As I’ve mentioned before, I’m a pretty hefty fan of Fleetwood Mac, and especially champion their output between legendary founding guitarist Peter Green and the Buckingham-Nicks era that shot them into the pantheon of the rock n roll gods.
Sadly, this post nods to the passing of one of F'Mac’s revolving door of guitarists, Bob Weston, who played with the Bob Welch lead version of the band from 1972 to 1974. He played on two of the five albums during this time of the band’s existence, Penguin and Mystery to Me, both of which are arguably the lesser of the Welch era (no fault of Weston's), and yet still grossly underrated and overlooked in the saga of Fleetwood Mac.
Weston contributed as both vocalist (notably with Christine McVie on Penguin’s Did You Ever Love Me) and songwriter, but it was as a lead/slide guitarist that his abilities really shine, especially on tracks like Remember Me and Why.

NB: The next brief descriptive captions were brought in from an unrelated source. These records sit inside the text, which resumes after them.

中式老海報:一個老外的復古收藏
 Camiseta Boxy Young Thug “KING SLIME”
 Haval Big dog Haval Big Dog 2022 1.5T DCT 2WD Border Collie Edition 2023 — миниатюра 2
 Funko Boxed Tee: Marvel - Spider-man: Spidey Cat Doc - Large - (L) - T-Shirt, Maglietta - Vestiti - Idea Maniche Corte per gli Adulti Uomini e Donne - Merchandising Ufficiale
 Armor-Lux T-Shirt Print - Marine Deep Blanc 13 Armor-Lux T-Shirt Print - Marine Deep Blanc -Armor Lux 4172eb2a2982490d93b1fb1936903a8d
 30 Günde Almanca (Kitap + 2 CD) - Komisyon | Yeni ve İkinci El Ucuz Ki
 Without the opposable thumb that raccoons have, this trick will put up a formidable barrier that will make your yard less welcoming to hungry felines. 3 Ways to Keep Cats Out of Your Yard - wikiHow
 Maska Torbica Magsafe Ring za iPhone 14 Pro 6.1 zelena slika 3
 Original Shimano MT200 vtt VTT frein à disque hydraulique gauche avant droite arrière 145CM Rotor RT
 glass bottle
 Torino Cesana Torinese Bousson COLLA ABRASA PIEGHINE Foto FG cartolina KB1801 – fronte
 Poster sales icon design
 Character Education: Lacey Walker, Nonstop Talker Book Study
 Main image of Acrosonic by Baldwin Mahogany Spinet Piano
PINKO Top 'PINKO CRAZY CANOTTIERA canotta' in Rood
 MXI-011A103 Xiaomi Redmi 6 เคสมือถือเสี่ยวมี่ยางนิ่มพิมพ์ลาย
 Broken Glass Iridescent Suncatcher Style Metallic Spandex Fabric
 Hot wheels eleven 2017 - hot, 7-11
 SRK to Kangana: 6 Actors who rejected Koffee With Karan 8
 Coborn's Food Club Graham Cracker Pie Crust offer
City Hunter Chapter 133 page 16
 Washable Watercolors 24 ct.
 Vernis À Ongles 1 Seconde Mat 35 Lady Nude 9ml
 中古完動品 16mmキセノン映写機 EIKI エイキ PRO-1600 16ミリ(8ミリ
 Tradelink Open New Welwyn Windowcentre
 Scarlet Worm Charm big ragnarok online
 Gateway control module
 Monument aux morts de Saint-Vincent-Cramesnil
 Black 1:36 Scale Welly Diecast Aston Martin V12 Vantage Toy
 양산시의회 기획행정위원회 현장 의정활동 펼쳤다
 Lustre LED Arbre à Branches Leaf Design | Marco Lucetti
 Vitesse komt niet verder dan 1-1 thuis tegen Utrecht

As the story goes, some dastardly doings in relations with Mick Fleetwood’s wife lead to his dismissal from the band, the subsequent turmoil of which caused Bob Welch to leave later in 1974, opening the door for Buckingham-Nicks and the worldwide glory that would ensue.
As with many of Fleetwood Mac’s guitarists from the earlier days, Weston’s career was at a much lower profile after leaving the band, and most all of his output is difficult to find these days. He did, however, put out a few solo albums and collaborated with such notable folks as Murray Head, Sandy Denny and even contributed to a record by Danny Kirwan (whom he had replaced in F'Mac). More recently he had revived his music career and was to be recording with ex-Stones guitarist Mick Taylor at the time of his untimely death from seemingly natural causes.
Like most of the post-Green, pre-Buckingham-Nicks years, Weston’s role is important in that he helped keep the band together during a highly transitional (though no less creative) period that saw more turmoil than not (though to be honest, F’Mac has always been a band rife with problems, which is part of their magic), as his considerable abilities helped hone the radio friendly sound that would move the remaining members from rather respected obscurity to household names. I’m sure he has a spot reserved for him in the jam line of rock heaven.